Quand il n’y a rien d’autre autour, ok, mais la donne est différente en région parisienne où il n’y a pas la place pour développer des salles de 4000 places. Si on va plus loin, comment expliquer qu’il n’y a qu’un pôle en Ile de France pour cinq clubs pros alors qu’il y en a un à Nantes, un à Montpellier, un à Nîmes, etc. La Fédé a sa part de responsabilité.

Il faut un deuxième pôle, un au Nord et un au Sud. C’est une urgence absolue pour la performance. Dika Mem, Nedim Remili, Elohim Prandi ou Luc Abalo ont tous été détectés en Ile de France. Si on continue, on va perdre des joueurs qui vont aller au basket ou au foot alors qu’on a un savoir-faire.

Pourquoi Robin Dourte pose ses valises à Ivry qu’il aurait d’ailleurs pu rejoindre avant s’il n’avait pas opté pour le PSG ce qui lui aurait permis de grandir plus vite au lieu d’être prêté à droite et à gauche en Europe ? Pourquoi Eymeric Zaeppel, Imanol Carrere qui aurait pu aller à Nantes ou Auguste Longerinas viennent se former chez nous alors qu’ils viennent de partout en France ? La Fédé et la LNH ne regardent pas assez l’Ile de France et préfèrent Limoges, Aix ou Cesson…

Une saison prochaine déjà prête pour Ivry

Pouvez-vous nous parler de vos recrues pour la saison prochaine ?

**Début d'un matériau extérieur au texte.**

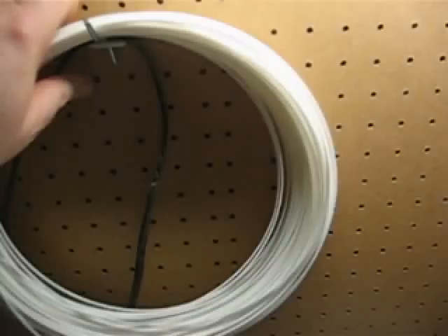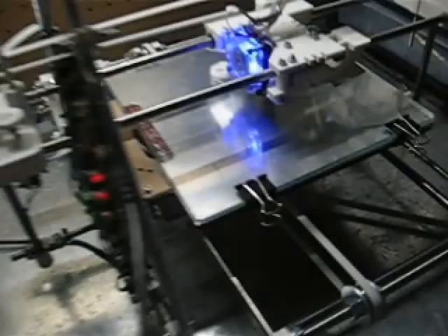I still have to feed in the filament or unroll it by hand, so the first thing I'm going to need to do is get some kind of a roller for that.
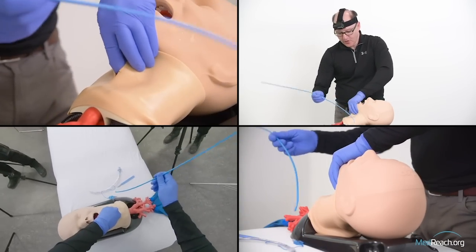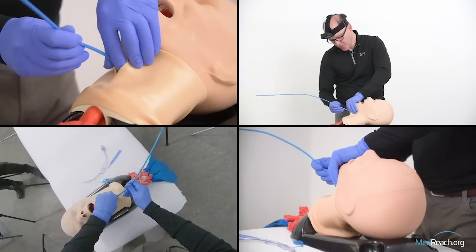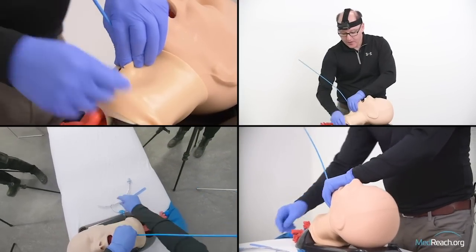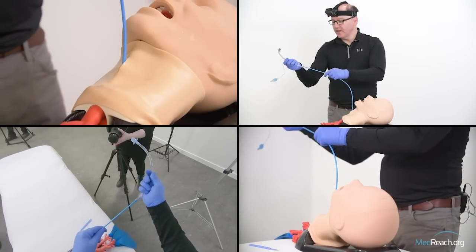Once I've convinced myself where the cricothyroid membrane is, with my hand still resting on the sternum, I horizontally enter the cricothyroid membrane and bring the blade towards me, then flip the blade over and go away. I make the incision large enough to get my finger in the hole, which is critical — without your finger in the hole confirming it's large enough, you may not be able to pass the tracheal tube. I take my bougie and pop it in, then railroad a 6-0 tracheal tube down.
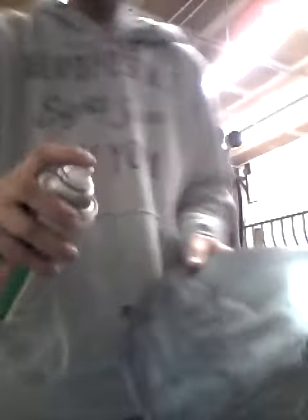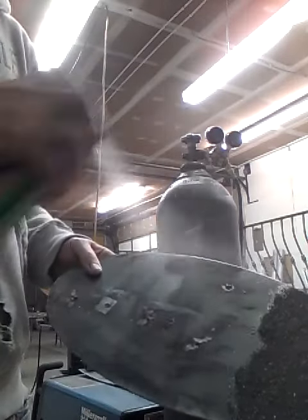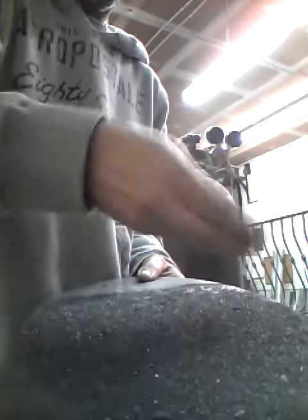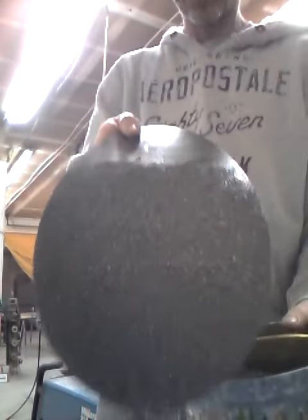You have your clear coat on there. Do it one more time. Pull it on. Simple as that.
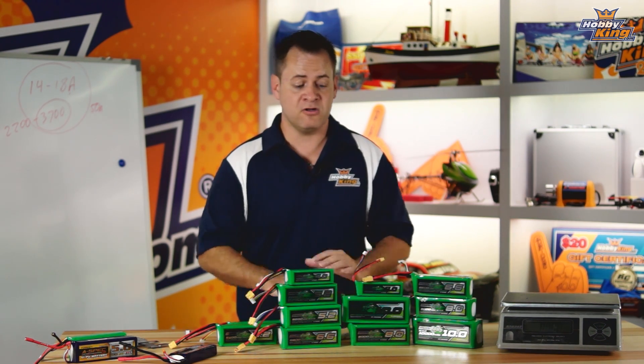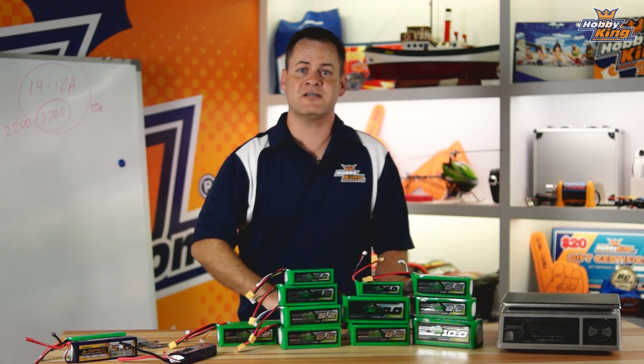As always, subscribe to our YouTube channel, check out these awesome batteries, and we'll see you next time.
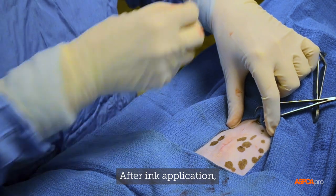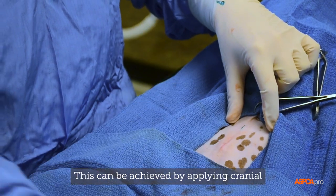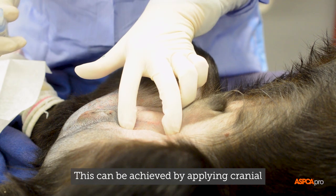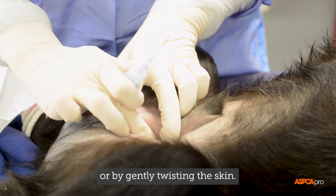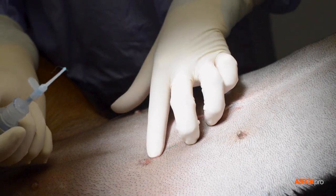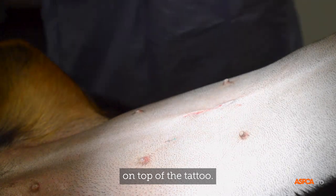After ink application, the edges of the scored area are held in opposition. This can be achieved by applying cranial to caudal tension to the scored area or by gently twisting the skin. While the skin edges are opposed, a minimal amount of glue is applied on top of the tattoo.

Le 15 janvier, le recrutement était quasiment bouclé avec nos deux arrières, un Islandais (Darri Aronsson, Ndlr) et un Danois (Jesper Dahl, Ndlr). Pour le reste, toute l’équipe est quasiment stabilisée jusqu’en 2024. On a aussi la chance d’avoir un centre de formation performant. On va permettre à Auguste Longerinas (ailier gauche) et Imanol Carrere (pivot) d’avoir plus de temps de jeu, ainsi qu’à d’autres.

N’avez-vous pas tenté de faire revenir Luc Abalo ?

On l’a contacté. Finalement, il a fait le choix de partir au Japon et là il vient de resigner. On a essayé en lui tendant la main à plusieurs reprises depuis plusieurs années. Chacun ses motivations…

François Lequeux ne pense plus au titre

Le dernier titre de champion de France d’Ivry, c’était en 2007, mais on a l’impression que c’est une autre époque. Est-ce aujourd’hui impossible d’être de nouveau champion ?

C’est plus compliqué face à un club comme le PSG avec ses moyens qui a la capacité de démultiplier les joueurs sur les postes et d’engager les meilleurs joueurs du monde. Sur la longueur d’un championnat, le PSG semble inaccessible. Maintenant, sur un match, tout est possible et, nous, notre objectif est de retrouver l’Europe à moyen terme. On ne s’interdit strictement rien.

Quels sont vos rapports avec le PSG ?

Ils sont positifs. Mais on ne peut pas concurrencer un pays. Le PSG, ce n’est pas un club, mais le Qatar. C’est un autre monde ! Mais on a de très bons rapports avec le PSG. D’ailleurs, la section PSG judo s’entraîne à Ivry sur le centre de formation. Une de nos fiertés locales Luc Abalo a fait de très belles choses avec le PSG. Elohim Prandi a été formé à Ivry et au PSG. On s’entend très bien avec le PSG, mais on ne fait pas partie du même monde et on ne partage pas les mêmes valeurs.

Mais j’ai plaisir à regarder le PSG, à voir évoluer ces très grands joueurs et s’il n’y avait pas le PSG pour les payer comme il les paye ils iraient peut-être chercher de l’argent ailleurs. Je suis fier qu’on ait des locomotives de notre championnat.